I want to tell him my bladder hurts, my back aches, and I don’t care about the neighbors’ driveways. I want to tell him he was supposed to be helping me during the pregnancy, not getting in my way. Mostly, I want to tell him he should be looking at me, not the neighbors.
Or that’s what I know I’m supposed to feel. In fact, I don’t mind that Donald isn’t looking at me.
I know every marriage goes through these phases, where you look at the other person and can’t remember what you ever saw in them. I know it will pass, and that the babies will give us something new to look at together. But they aren’t born yet.
When Donald starts pinning evidence to his corkboard, I creep upstairs and open my SingleMingle account. I gaze at the pixelated men. Some are smiling, with salt and wind in their hair. Others are introspective, reading a nove
l in a leather wingback chair. When I click next, a new one materializes. I click next again and again and again. There is an endless number of these men. My favorites are the ones who don’t have shirts on. Some even crop their heads off, leaving disembodied torsos moving across my screen.
Donald’s operation starts out small and consists mostly of warning signs he posts around the neighborhood. These signs show a dark figure with glowing eyes and the words “You Are Seen.”
Nevertheless, during the inspector’s next visit, while he is measuring the dampness of the cul-de-sac gutter, somebody keys his car. The next day, HausFlippr changes our safety rating from A to A- and drops our overall score five points.

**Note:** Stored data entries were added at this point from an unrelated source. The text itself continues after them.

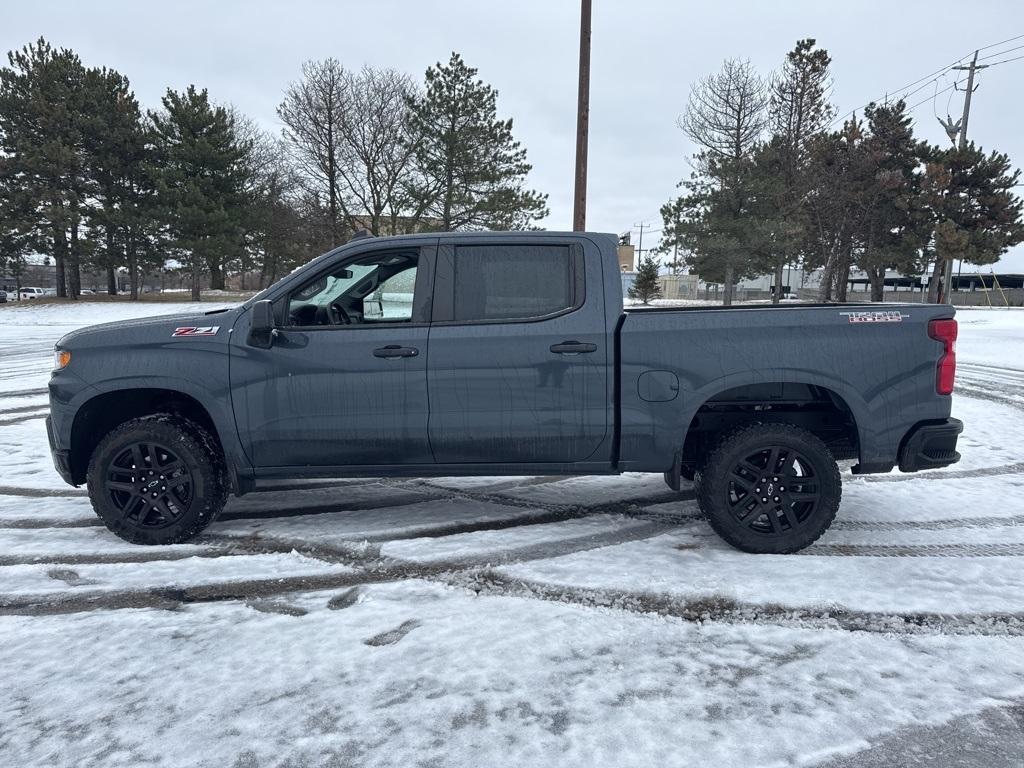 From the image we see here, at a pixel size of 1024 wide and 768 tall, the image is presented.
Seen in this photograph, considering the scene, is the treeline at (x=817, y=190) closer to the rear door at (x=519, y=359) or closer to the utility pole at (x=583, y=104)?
the utility pole at (x=583, y=104)

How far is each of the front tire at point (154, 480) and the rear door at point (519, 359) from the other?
149 cm

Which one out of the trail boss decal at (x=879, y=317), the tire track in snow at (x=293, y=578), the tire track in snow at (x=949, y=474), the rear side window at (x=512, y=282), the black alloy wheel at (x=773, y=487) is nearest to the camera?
the tire track in snow at (x=293, y=578)

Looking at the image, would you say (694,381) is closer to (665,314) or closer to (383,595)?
(665,314)

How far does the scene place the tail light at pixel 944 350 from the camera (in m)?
3.91

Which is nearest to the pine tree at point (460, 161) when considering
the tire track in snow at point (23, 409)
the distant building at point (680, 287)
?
the tire track in snow at point (23, 409)

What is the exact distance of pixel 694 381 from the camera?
3.96 metres

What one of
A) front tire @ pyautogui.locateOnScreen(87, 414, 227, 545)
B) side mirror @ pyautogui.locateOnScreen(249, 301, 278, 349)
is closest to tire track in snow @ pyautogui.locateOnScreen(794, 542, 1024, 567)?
side mirror @ pyautogui.locateOnScreen(249, 301, 278, 349)

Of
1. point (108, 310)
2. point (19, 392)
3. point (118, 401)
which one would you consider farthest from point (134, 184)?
point (118, 401)

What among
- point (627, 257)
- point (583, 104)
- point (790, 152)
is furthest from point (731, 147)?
point (627, 257)

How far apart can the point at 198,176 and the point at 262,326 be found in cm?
3889

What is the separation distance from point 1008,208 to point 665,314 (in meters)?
46.8

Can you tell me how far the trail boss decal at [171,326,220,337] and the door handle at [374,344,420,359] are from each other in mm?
1044

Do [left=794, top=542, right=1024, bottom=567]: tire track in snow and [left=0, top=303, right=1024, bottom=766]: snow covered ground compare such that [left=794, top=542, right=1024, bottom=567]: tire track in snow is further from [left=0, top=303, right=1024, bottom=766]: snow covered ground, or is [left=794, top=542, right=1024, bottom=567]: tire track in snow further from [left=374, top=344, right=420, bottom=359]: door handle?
[left=374, top=344, right=420, bottom=359]: door handle

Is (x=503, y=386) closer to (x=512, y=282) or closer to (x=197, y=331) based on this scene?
(x=512, y=282) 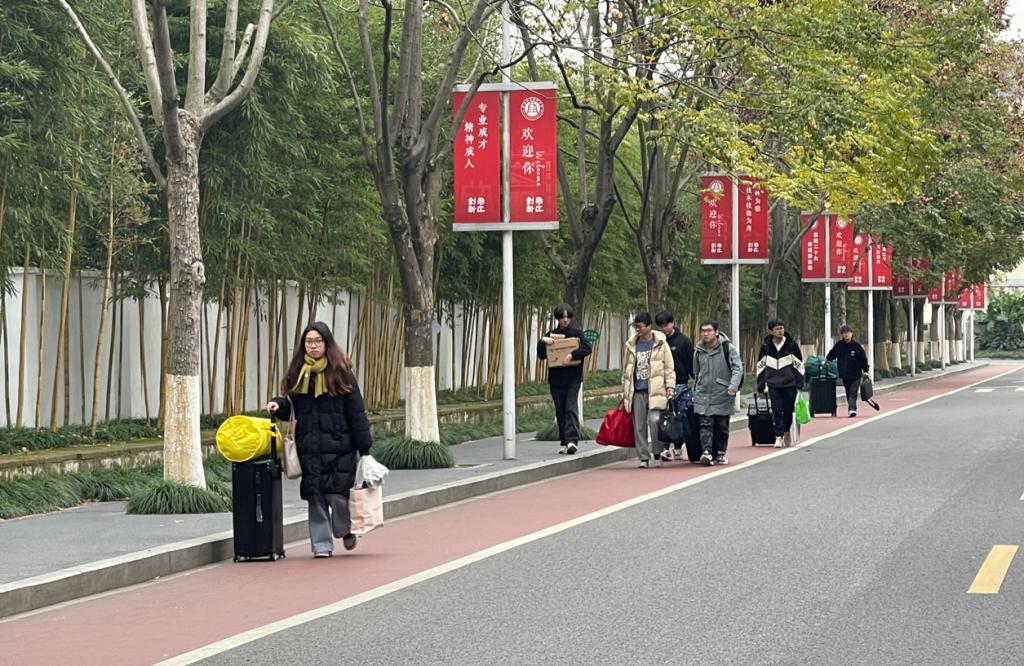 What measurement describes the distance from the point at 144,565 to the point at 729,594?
395cm

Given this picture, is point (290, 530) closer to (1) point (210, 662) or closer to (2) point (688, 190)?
(1) point (210, 662)

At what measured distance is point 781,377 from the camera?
23781 millimetres

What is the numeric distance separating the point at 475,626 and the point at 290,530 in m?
4.86

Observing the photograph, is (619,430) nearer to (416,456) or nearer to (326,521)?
(416,456)

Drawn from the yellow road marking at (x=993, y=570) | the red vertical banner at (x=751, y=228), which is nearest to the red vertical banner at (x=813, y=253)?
the red vertical banner at (x=751, y=228)

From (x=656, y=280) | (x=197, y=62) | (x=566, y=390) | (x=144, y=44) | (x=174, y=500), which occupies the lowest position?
(x=174, y=500)

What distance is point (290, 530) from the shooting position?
13570mm

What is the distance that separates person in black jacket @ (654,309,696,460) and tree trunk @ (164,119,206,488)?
23.9ft

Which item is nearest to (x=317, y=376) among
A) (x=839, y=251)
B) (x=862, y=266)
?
(x=839, y=251)

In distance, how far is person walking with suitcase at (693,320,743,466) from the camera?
66.1 feet

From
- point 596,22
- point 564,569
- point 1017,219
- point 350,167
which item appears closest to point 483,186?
point 350,167

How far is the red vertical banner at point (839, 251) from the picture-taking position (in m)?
44.9

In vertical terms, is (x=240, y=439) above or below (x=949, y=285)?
below

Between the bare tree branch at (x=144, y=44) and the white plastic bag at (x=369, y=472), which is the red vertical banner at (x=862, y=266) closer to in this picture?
the bare tree branch at (x=144, y=44) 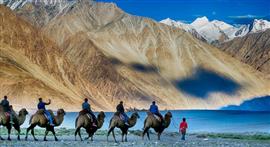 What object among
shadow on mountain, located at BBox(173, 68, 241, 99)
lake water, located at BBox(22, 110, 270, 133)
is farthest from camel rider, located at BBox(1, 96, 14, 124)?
shadow on mountain, located at BBox(173, 68, 241, 99)

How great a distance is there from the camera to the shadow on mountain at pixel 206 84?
18502cm

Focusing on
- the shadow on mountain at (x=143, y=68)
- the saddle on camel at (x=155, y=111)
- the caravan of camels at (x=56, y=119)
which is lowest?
the caravan of camels at (x=56, y=119)

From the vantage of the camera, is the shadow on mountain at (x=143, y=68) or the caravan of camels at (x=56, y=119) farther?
the shadow on mountain at (x=143, y=68)

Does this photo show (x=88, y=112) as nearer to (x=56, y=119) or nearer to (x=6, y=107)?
(x=56, y=119)

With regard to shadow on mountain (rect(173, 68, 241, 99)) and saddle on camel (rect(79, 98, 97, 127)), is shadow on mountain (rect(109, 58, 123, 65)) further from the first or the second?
Answer: saddle on camel (rect(79, 98, 97, 127))

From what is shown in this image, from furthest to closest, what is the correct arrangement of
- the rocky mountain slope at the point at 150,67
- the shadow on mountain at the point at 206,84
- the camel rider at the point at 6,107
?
the shadow on mountain at the point at 206,84
the rocky mountain slope at the point at 150,67
the camel rider at the point at 6,107

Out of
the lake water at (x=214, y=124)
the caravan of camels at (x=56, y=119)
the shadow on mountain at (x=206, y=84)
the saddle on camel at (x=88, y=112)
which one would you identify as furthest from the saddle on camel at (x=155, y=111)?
the shadow on mountain at (x=206, y=84)

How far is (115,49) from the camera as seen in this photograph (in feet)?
620

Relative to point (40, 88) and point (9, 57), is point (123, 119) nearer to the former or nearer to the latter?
point (40, 88)

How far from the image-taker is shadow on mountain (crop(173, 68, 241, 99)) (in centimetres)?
18502

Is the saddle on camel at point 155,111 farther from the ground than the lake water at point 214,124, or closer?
closer

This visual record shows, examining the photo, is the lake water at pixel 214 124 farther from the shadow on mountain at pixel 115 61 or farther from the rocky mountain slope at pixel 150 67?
the shadow on mountain at pixel 115 61

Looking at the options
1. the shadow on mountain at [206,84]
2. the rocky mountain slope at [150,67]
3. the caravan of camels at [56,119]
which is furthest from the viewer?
the shadow on mountain at [206,84]

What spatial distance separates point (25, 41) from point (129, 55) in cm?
6638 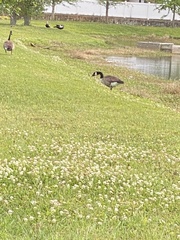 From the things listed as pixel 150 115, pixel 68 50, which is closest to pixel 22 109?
pixel 150 115

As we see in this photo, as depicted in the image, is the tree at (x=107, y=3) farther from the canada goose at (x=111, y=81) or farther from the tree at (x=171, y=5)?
the canada goose at (x=111, y=81)

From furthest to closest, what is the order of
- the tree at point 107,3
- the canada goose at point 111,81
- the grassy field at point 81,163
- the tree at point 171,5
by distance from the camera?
the tree at point 107,3 < the tree at point 171,5 < the canada goose at point 111,81 < the grassy field at point 81,163

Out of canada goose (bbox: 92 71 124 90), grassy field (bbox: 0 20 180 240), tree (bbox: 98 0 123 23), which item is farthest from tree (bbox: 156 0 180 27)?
→ grassy field (bbox: 0 20 180 240)

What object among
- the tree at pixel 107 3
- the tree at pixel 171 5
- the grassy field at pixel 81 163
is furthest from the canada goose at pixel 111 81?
the tree at pixel 107 3

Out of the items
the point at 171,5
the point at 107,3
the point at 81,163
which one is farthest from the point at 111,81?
the point at 107,3

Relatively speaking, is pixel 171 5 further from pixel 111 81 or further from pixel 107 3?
pixel 111 81

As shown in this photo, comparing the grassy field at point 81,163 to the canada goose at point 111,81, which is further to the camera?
the canada goose at point 111,81

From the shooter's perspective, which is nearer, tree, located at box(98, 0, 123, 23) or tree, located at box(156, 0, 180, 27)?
tree, located at box(156, 0, 180, 27)

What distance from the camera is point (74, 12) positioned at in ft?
234

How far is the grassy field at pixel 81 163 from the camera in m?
6.07

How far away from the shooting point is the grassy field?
6.07 meters

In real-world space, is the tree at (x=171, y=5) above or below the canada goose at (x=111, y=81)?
above

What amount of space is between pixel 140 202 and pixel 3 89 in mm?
9230

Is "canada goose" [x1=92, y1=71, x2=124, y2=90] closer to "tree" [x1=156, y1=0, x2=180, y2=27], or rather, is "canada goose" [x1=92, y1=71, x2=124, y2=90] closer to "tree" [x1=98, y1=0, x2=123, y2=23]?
"tree" [x1=156, y1=0, x2=180, y2=27] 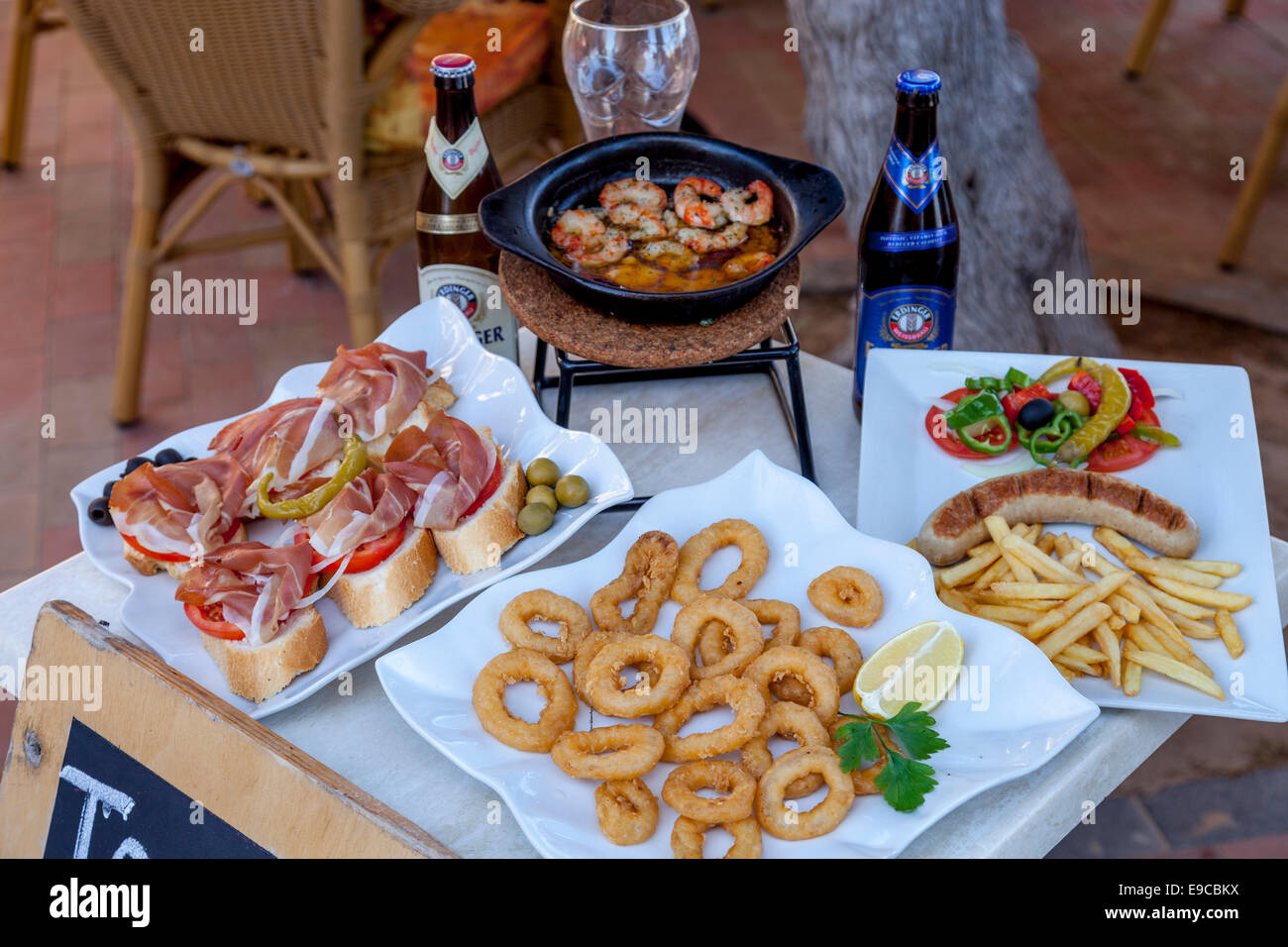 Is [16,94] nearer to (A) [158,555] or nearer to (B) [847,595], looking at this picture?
(A) [158,555]

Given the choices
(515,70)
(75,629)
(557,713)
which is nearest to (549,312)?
(557,713)

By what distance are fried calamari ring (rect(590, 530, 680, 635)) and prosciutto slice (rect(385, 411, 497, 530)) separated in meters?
0.22

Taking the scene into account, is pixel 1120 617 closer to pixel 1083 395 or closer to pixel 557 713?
pixel 1083 395

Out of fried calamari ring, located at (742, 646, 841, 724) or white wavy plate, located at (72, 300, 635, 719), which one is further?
white wavy plate, located at (72, 300, 635, 719)

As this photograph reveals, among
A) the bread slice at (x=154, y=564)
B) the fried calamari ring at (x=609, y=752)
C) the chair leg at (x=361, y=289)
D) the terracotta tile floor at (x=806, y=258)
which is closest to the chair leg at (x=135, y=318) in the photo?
the terracotta tile floor at (x=806, y=258)

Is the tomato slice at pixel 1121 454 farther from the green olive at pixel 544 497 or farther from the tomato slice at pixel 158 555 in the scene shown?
the tomato slice at pixel 158 555

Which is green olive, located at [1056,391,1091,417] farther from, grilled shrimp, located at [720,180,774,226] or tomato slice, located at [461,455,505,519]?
tomato slice, located at [461,455,505,519]

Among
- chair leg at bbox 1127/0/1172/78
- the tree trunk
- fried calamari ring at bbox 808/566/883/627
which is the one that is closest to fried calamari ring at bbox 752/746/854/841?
fried calamari ring at bbox 808/566/883/627

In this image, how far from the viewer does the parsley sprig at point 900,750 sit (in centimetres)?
125

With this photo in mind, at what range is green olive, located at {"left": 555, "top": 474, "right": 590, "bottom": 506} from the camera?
5.38ft

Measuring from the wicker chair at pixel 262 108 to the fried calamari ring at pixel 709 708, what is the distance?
6.61 ft

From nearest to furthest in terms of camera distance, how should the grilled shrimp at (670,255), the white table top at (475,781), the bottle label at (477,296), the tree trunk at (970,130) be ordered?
the white table top at (475,781) → the grilled shrimp at (670,255) → the bottle label at (477,296) → the tree trunk at (970,130)

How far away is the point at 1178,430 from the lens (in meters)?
1.79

Donald’s budget is quickly tripled.
He buys a dozen cameras from Discountsleuth.com and hides them around our property. One is slinked through the hose, looking out at the street. Two face our immediate neighbors’ houses through holes in the fence that Donald drills with an old dentist drill. One is hooked to the weathervane at the top of the house, providing a rotating view of the neighborhood as the wind blows.
The cameras snake down into the basement, where they are monitored by Donald and his two interns, Chet and Chad.
I use a fake zip code on my SingleMingle account. My user information is a lie. My height is shrunk an inch, my status marked “seductively single,” my eyes labeled hazel instead of green. I use photos that obscure my features, angles that make my nose look bigger or my hair a different shade of brown. If anyone who knew me saw my profile, they wouldn’t recognize me. Still, I make sure to browse strangers in other neighborhoods like North Forest and South Beach.
A man with the username OceanShoreStud27 catches my eye. His profile doesn’t have much information, but I want to know more. I plug his user photos into reverse image searches, find his other profiles on other sites. His name is Derek Carrington. He’s thirty-seven, a Libra, works in finance, has a blog devoted to his fishing catches. I check out his most played songs on WalkmanFM and a list of every movie he’s rated on Filmglutton.com.